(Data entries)
-*-*-
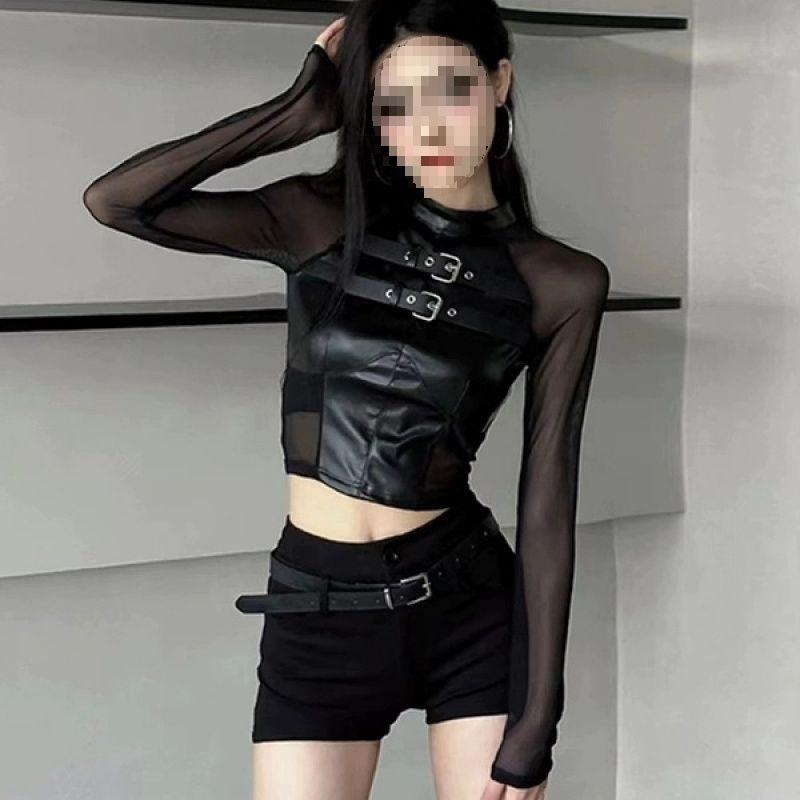 

Women’s Black Mesh-Panel Long Sleeve Crop Top - Stylish, Chic, Slim Fit for Autumn Extra Large чорний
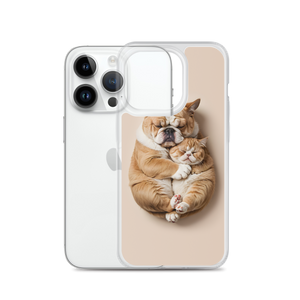 Cute Baby Cat and Dog Sleep iPhone Case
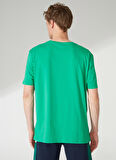 Yeşil Erkek Bisiklet Yaka Kısa Kollu Relaxed Baskılı T-Shirt TENX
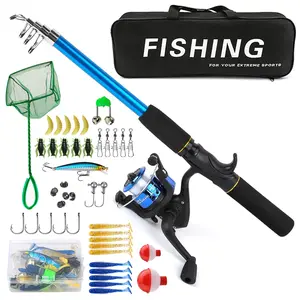 Fishing Rod Reel Set with Lure, Net, Storage Bag &, Lightweight Portable Gear for Beginners, Perfect Gift Choice, Fishing Tackle Kit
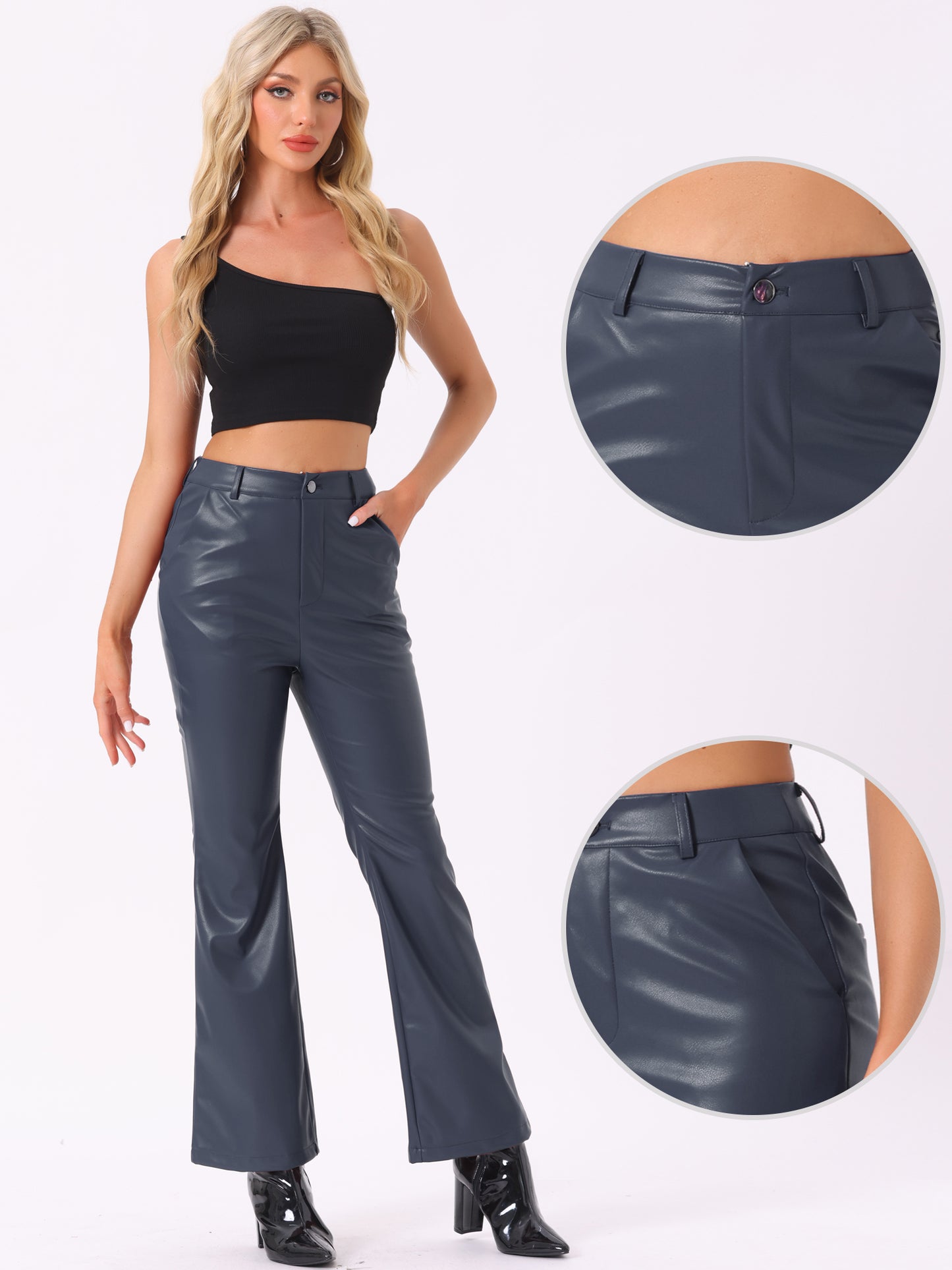 Women's Faux Leather Casual Pants High Waist Bell Bottom Flared Long PU Trousers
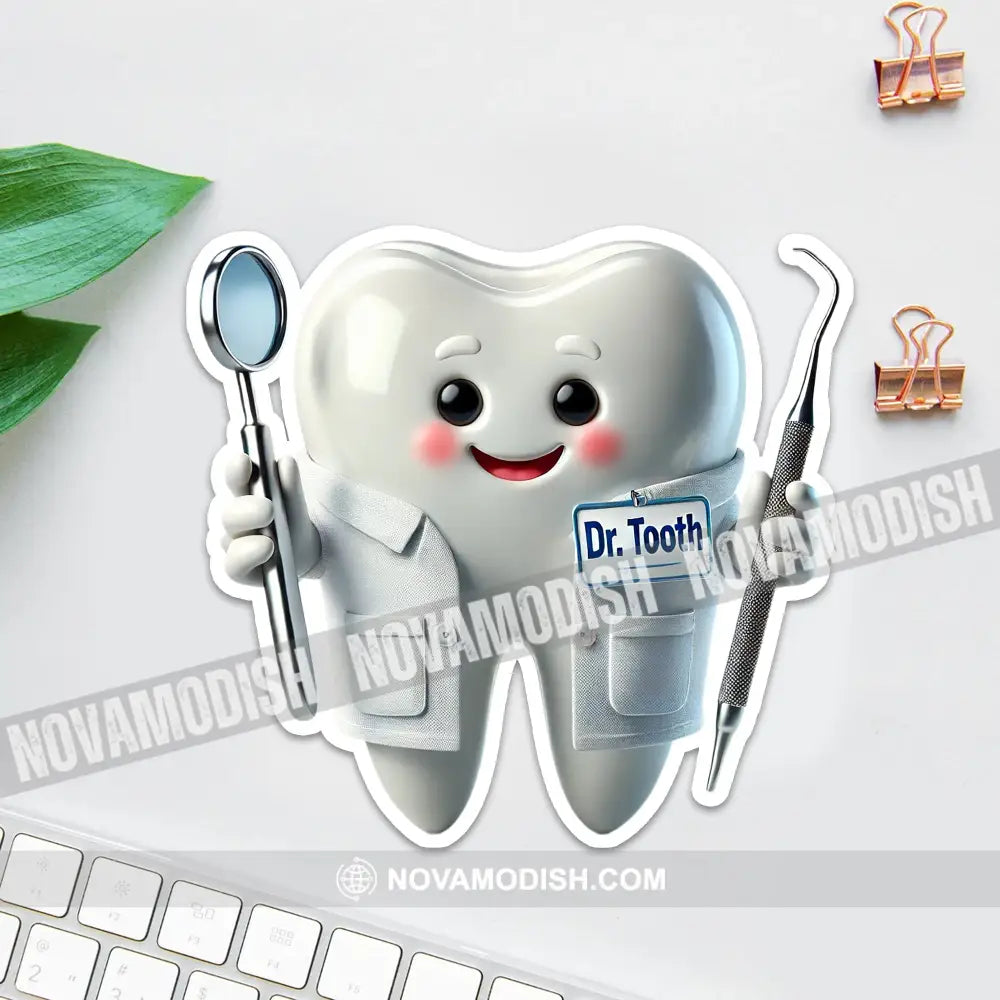 Custom Name Dentist Sticker Gift For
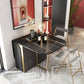Modern Style Dining Table Sintered Stone Drop-Leaf 63" Table with Metal Base Black Without Chairs Clearhalo ' dining_table' 'Dining Tables & Seating' 'Dining Tables' 'furn' 'furn_dining_table' 'Furniture' 'furniture_dining_table' 'Kitchen & Dining Furniture' 'kitchen&dining_furn' 'kitchen' 'kitchen_dining_table' 4020990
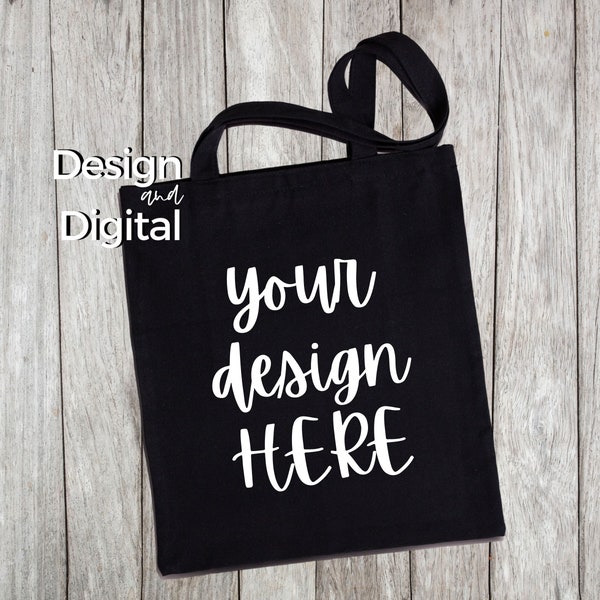 Black Canvas Tote Mockup | Black Canvas Bag Mockup | Tote Bag Mockup | Bag Mockup | Modern Tote Mockup | Plain Tote Mockup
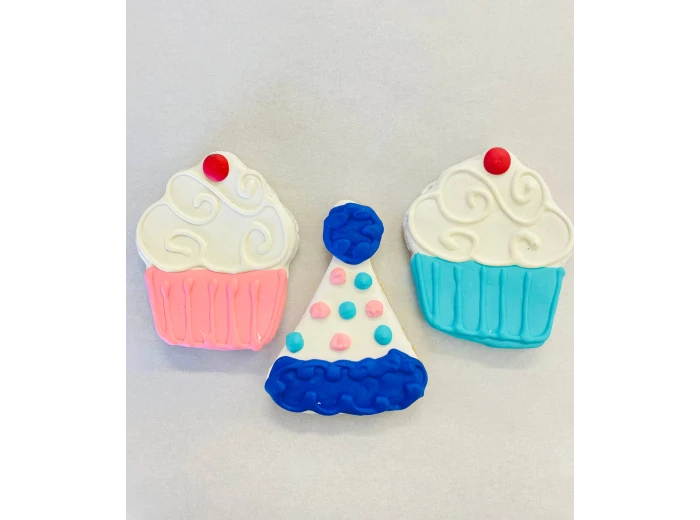 Happy Birthday Fido! Birthday Cake Cookie Pink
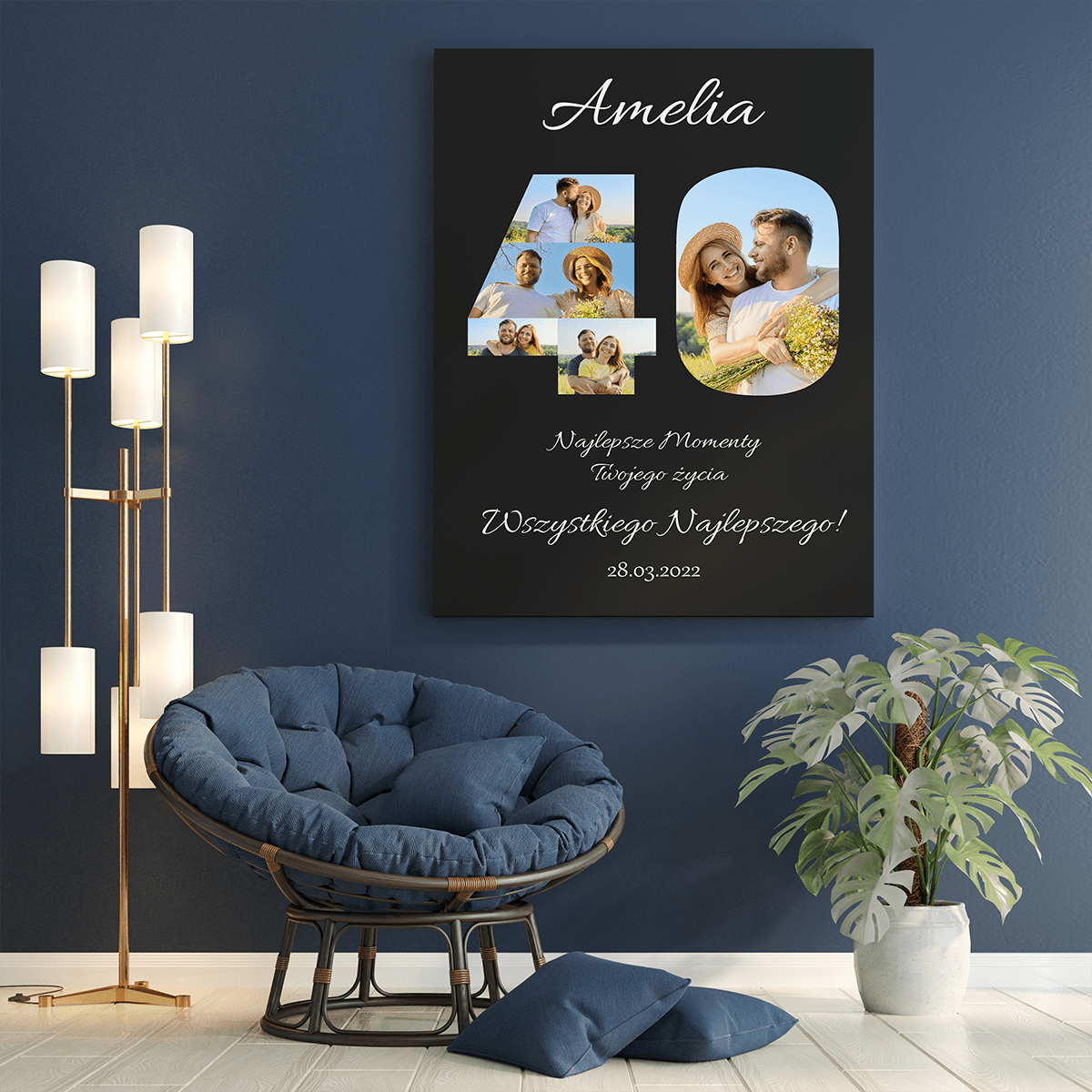 Na 40 urodziny - druk na płótnie, spersonalizowany prezent dla żony - Adamell.pl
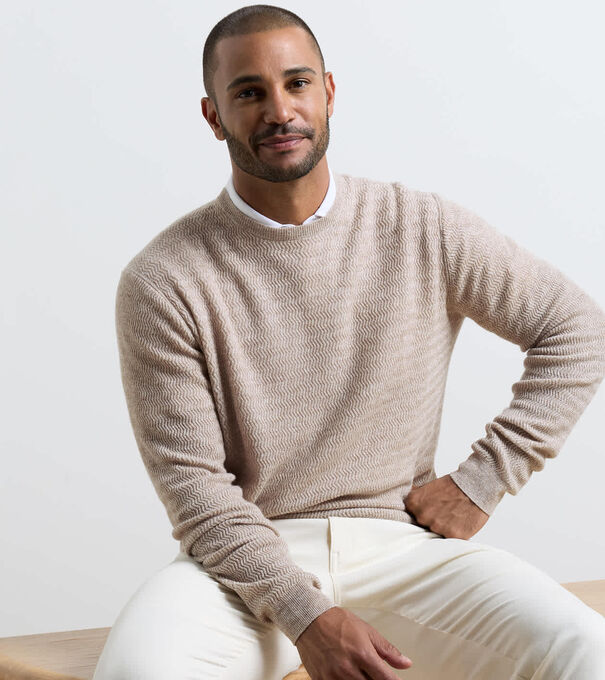 Crosswinds Textured Crewneck Sweater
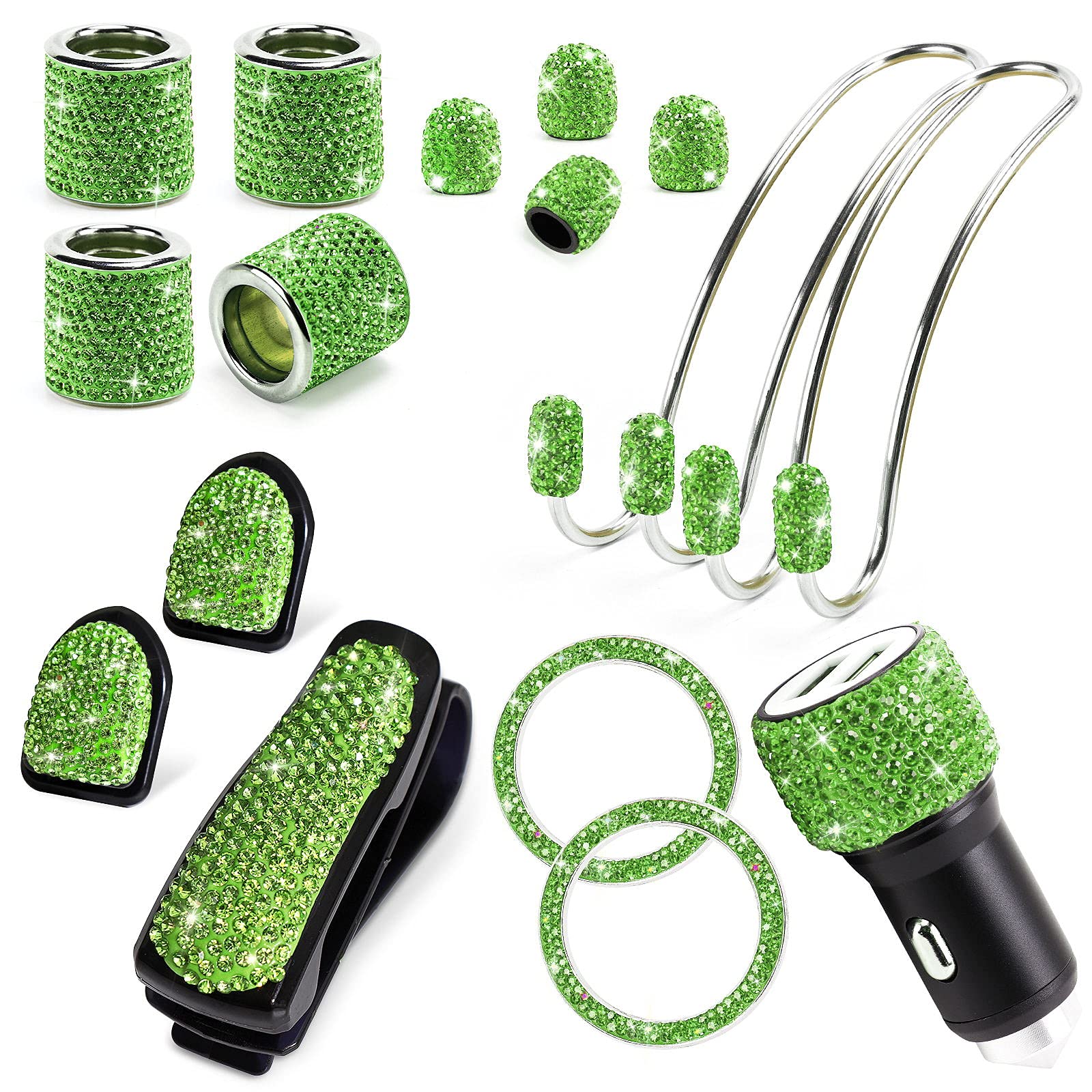 15-Piece Green Rhinestone Car Accessories Set for Women - Crystal Bling Headrest Rings, Charger, Hooks, Tire Caps & Coasters - Stylish Car Interior Decor for Parties, Gifts & Everyday Glam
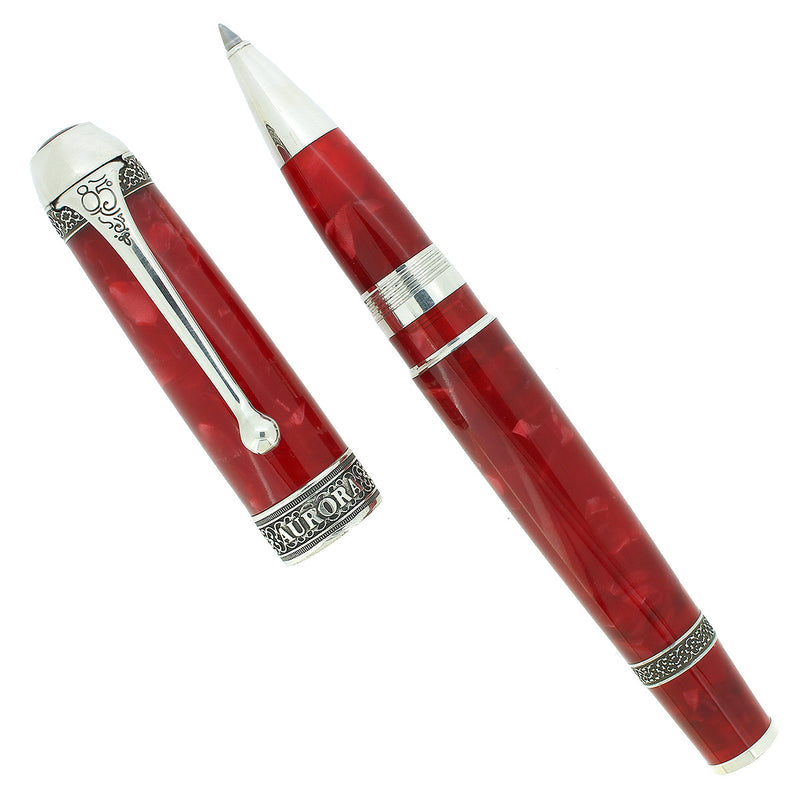AURORA 85TH ANNIVERSARY LIMITED EDITION STERLING SILVER & RED MARBLED ROLLERBALL PEN OFFERED BY ANTIQUE DIGGER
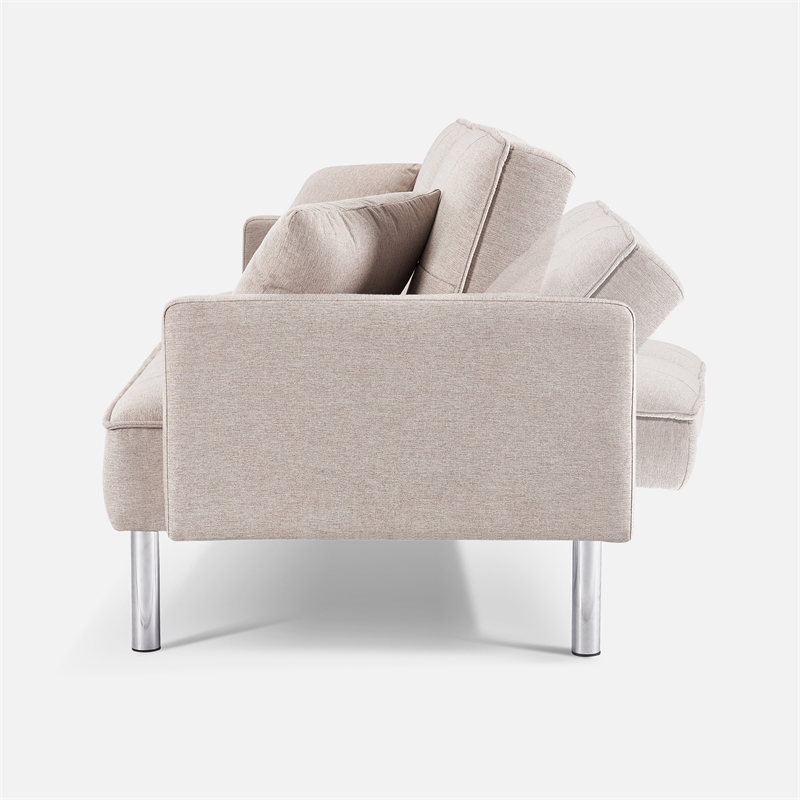 Tufted Futon Convertible Sofa Sleeper with Two Throw Pillows in Beige Velvet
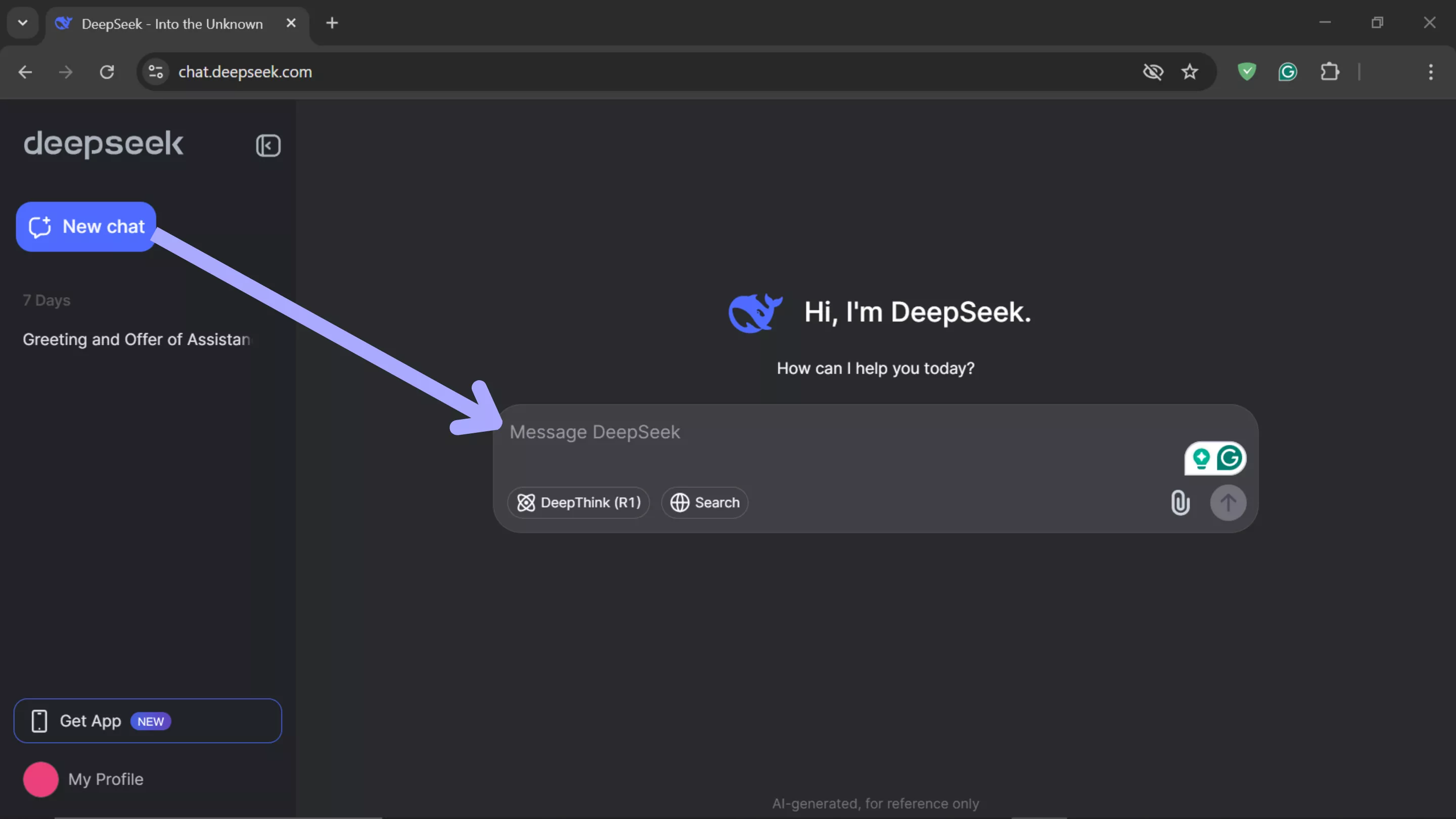 start a new chat deepseek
-*-*-
-- EXERCISE PROMPT --
Hand back the exact lines from the start of the entries to the line with "Black Canvas Tote", both ends kept and pictures left out.

-- EXERCISE RESPONSE --
Women’s Black Mesh-Panel Long Sleeve Crop Top - Stylish, Chic, Slim Fit for Autumn Extra Large чорний
 Cute Baby Cat and Dog Sleep iPhone Case
 Yeşil Erkek Bisiklet Yaka Kısa Kollu Relaxed Baskılı T-Shirt TENX
 Fishing Rod Reel Set with Lure, Net, Storage Bag &, Lightweight Portable Gear for Beginners, Perfect Gift Choice, Fishing Tackle Kit
 Women's Faux Leather Casual Pants High Waist Bell Bottom Flared Long PU Trousers
 Custom Name Dentist Sticker Gift For
Modern Style Dining Table Sintered Stone Drop-Leaf 63" Table with Metal Base Black Without Chairs Clearhalo ' dining_table' 'Dining Tables & Seating' 'Dining Tables' 'furn' 'furn_dining_table' 'Furniture' 'furniture_dining_table' 'Kitchen & Dining Furniture' 'kitchen&dining_furn' 'kitchen' 'kitchen_dining_table' 4020990
 Black Canvas Tote Mockup | Black Canvas Bag Mockup | Tote Bag Mockup | Bag Mockup | Modern Tote Mockup | Plain Tote Mockup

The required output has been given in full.